Появился Саша-переводчик.
- Товарищи! - он всегда с особой интонацией произносил это слово. Пойдемте, уже пора.
Саша ходил между нами, словно пушкинский Руслан на поле отшумевшей брани.
- Товарищи, вас ведь ждут...
Переводчик наш с виду - совсем юноша. Ему чуть больше двадцати, он по сравнению с нами чистенький и свежий. Саша полон сил, интереса и нескрываемой любви к нам. Его непокрытая русоволосая голова склоняется то над одним, то над другим:
- Устали? Может, попить? Хочешь, массаж устрою?..
В ответ только качают головой: ничего, мол, не надо.
Даже неутомимый Рычагов сдал. Вот он сидит, прислонившись спиной к колесу самолета, отрешенно глядя поверх всего земного.
- Есть новости? - наконец подает кто-то голос.
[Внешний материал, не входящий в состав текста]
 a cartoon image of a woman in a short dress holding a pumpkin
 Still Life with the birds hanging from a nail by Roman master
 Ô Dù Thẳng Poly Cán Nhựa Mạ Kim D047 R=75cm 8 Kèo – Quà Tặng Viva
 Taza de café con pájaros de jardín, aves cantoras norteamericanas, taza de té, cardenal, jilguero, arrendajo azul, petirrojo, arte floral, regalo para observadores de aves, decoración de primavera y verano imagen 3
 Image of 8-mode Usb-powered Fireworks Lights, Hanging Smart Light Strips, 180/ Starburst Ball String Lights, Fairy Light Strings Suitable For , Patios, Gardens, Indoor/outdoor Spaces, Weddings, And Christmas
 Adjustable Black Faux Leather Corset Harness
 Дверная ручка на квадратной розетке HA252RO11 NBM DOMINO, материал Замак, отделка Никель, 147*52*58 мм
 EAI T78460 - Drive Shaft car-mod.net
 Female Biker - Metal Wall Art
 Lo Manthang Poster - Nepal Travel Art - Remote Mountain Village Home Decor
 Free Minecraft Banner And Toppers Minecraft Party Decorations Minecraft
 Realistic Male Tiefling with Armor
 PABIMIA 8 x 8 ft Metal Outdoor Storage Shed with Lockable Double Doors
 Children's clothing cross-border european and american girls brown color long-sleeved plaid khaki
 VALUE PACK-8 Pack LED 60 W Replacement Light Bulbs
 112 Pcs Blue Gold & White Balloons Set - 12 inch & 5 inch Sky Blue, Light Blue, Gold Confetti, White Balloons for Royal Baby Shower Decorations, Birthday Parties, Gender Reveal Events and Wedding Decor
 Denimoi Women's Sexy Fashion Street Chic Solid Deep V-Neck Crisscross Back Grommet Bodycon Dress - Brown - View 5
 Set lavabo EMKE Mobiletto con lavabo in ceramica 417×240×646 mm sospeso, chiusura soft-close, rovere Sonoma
- Приемник слушал, - отвечает Саша. - Передачу из Бургоса. Там Франко свою столицу учредил... С утра хвалились успехами. В середине дня стали ссылаться на упорное сопротивление. Непонятно, говорят, откуда у коммунистов появились танки и самолеты. А к вечеру совсем скисли...
- Еще не так скиснут...
- Ну пойдемте! Ужин стынет.
Саша чего-то недоговаривал, это было видно по его лицу. В столовой повар Базилио наверняка что-нибудь придумал.
- О! - воспрянул Артемьев. - А я-то думаю: чего для полного счастья не хватает. - Хлопнул ладонью по животу.